Do anjo que não me guarda.
Luto pelo direito de não lutar por nada. Luto pela cama desarrumada que jaz largada, entediada e sozinha, enquanto me arrasto pelos corredores nus de um lugar qualquer.
Minhas batalhas, por vezes pequenas e estranhas, catastróficas e mundanas, são sempre ferrenhas e insanas. E na aspereza de superfícies mortas, rabisco meu nome e meu número de telefone, pois talvez meu anjo da guarda os tenha perdido e como um louco varrido, cambaleia pelas esquinas da Via Láctea à procura de um lastro, uma visão dos meus cabelos compridos.
Não digo que me esqueceu. Sei apenas que dormiu demais e não se deu conta de que já amanheceu. Ele não se deu conta de que a cama está fazia, e fria, e que já não sou mais tão eu.
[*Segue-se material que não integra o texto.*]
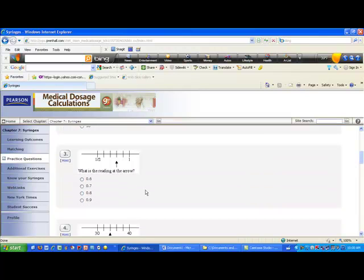What about this one? The arrow points to a position between one half and one. The distance between 0.5 and 1 is one half, divided into five segments. Half divided by five is one tenth, so each tick mark is 0.1 more than the previous. Starting at 0.5: 0.6, 0.7, 0.8, 0.9, and one. The reading at the arrow is 0.8.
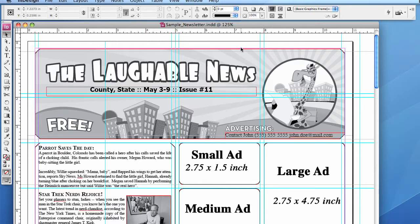When you are done with the newsletter and want to do one final proof check, you want to see what the newsletter will really look like. So to do this, you simply need to switch from Normal Mode to Preview Mode.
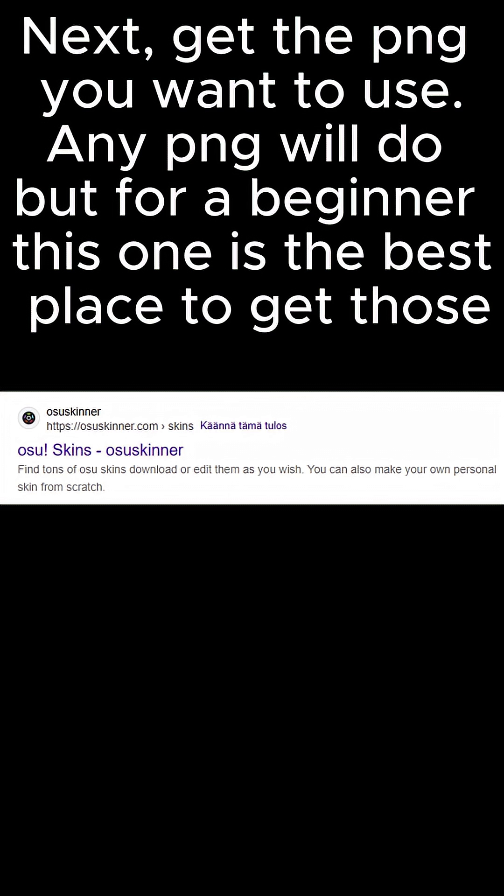Next, get the PNG you want to use. Any PNG will do, but for a beginner, this one is the best place to get those.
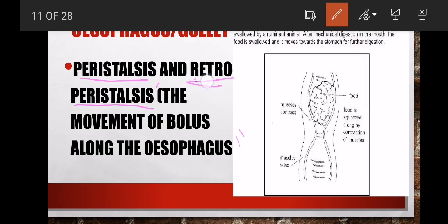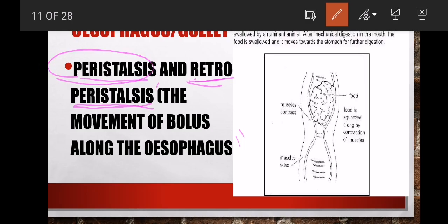We also have retroperistalsis, also called reverse peristalsis. Because a ruminant animal can regurgitate, it can swallow food into the stomach and also reverse food back to the mouth. The process whereby food goes to the stomach for the first time is called peristalsis. The process whereby food goes back to the mouth for proper chewing — re-mastication — is called retroperistalsis.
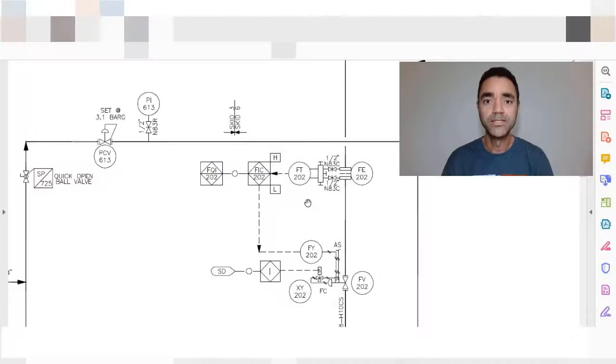Hello guys, I'm back. Do you want to know how to identify control loops in the pipe and instrumentation diagram? This video is for you. My name is Jefferson Costa, I'm a chemical process engineer with expertise in plant design. This is the best channel to learn everything you need to know to work with plant design, so subscribe now and let's start.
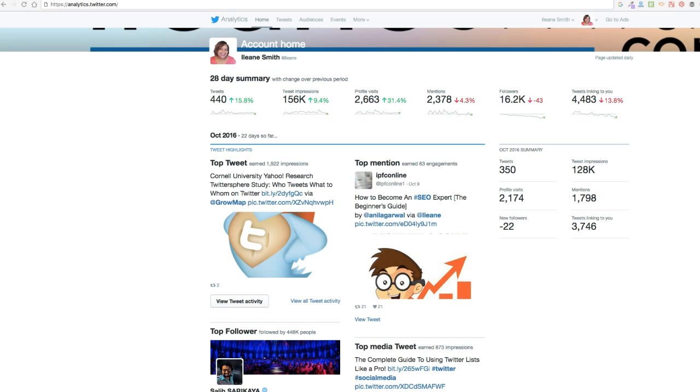So once you log into your Twitter account, head over to analytics.twitter.com and I'll show you how easy it is.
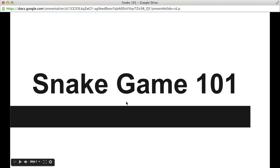Hello, my name is Max and welcome to this tutorial today where we're going to program a simple snake game using JavaScript in HTML.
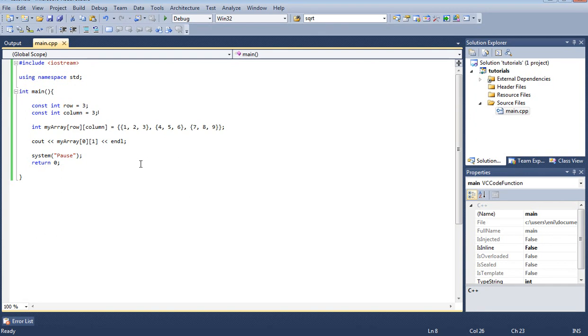Anyways this was a quick tutorial on two dimensional arrays. Next we're going to learn how to basically print every single element of this array on the screen using a function. So that will be our next tutorial.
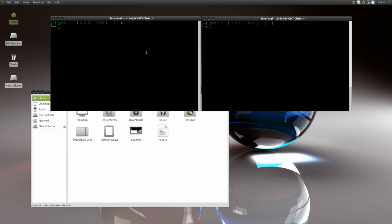Hey folks, welcome to another edition of the Linux Man Cave. Today we are going to mess around with a program called screen, and I'll show you a cool thing you can do with somebody else in case you guys are messing around on your network together, or if you just want to play a cool little trick on your friend.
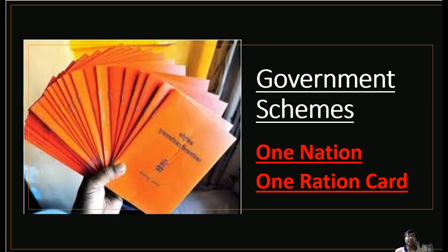Hello, namaskar, good morning and welcome to the session on government schemes. I am Manish Mishra, and in this session I will bring to you the detailed analysis of a very important scheme which is called One Nation One Ration Card.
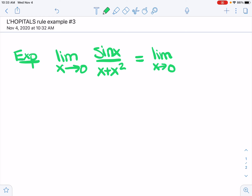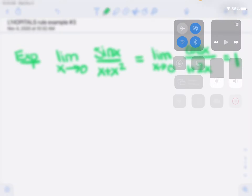Our limit is the same as the limit of the derivative of the numerator over the derivative of the denominator. Now as we plug in x equals 0, we get 1 over 1. And we're done.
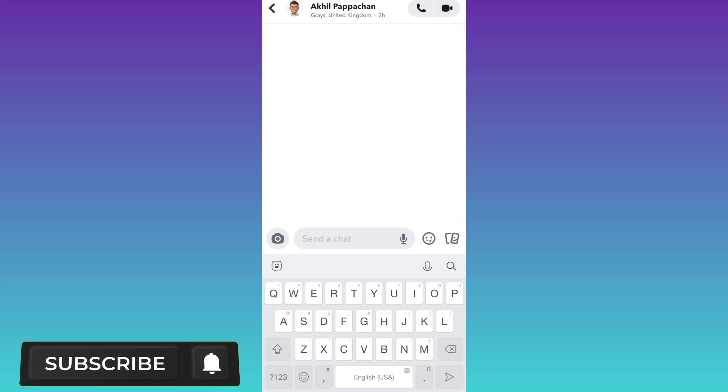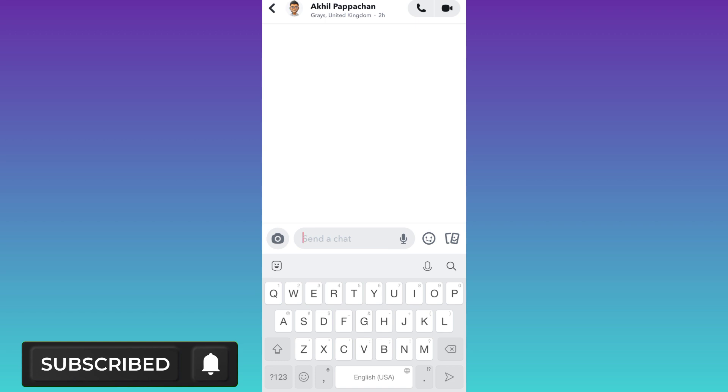In today's video, I am going to show you how you can fix rocket option not showing in Snapchat chats. Therefore without wasting any of your time, let's jump to the video.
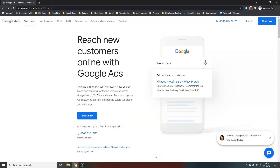In this video I'm going to show you how to create a new Google Ads account so that you end up with all the options available to you in the account and you don't just end up limited to creating smart accounts, which are not always in the best interests of you or your business.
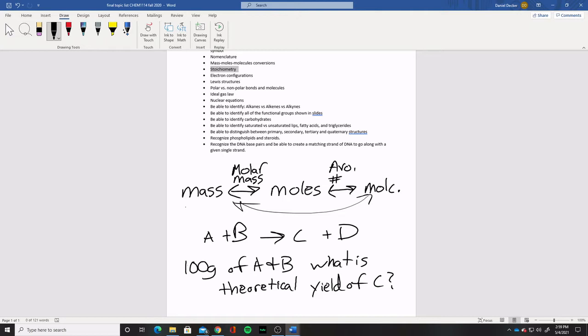I'll give you a reaction, give you an amount of starting material, and ask how much of one of the products is made — that is, the maximum amount that could be made given that amount of starting material. There was other stuff in stoichiometry we looked at in class, like percent yields, but for this exam I'm keeping it fairly simple — just finding a theoretical yield given some information.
O anjo que não me guarda enlouqueceu. Mas não digam que a culpada sou eu. Nada fiz para que de mim se descuidasse. Só pedi que me amasse, e então ele correu. Achei que nossa relação pedia amor e pão, H2O com limão, arroz com açafrão. Mas ele se recusou a me amar como seu Mestre mandou, e agora sem emprego ficou. Não cuida mais do que é meu.
Dizem que outro anjo virá. Que de mim outra alma se encarregará. Risco no chão de cimento um sinal de que meu coração precisa de alimento. O amor não é uma opção, e meu pescoço não está sob julgamento, ou minhas palavras sob juramento.
Por isso as digo sem receio. E devaneio sem exagerar, já que não posso espantar o novo anjo que vai chegar. E se ele também não quiser me cuidar? Vai se cansar antes mesmo de tentar? Não posso arriscar...
Volto à cama que tanto desejo. Quanta saudade do lampejo de verdade que só enxergo quando te vejo. Você daria um anjo da guarda perfeito. Pena que não é meu por direito. Mas minhas batalhas são estranhas, e um dia ainda ei de arrumar uma artimanha pra te trancar dentro do meu peito.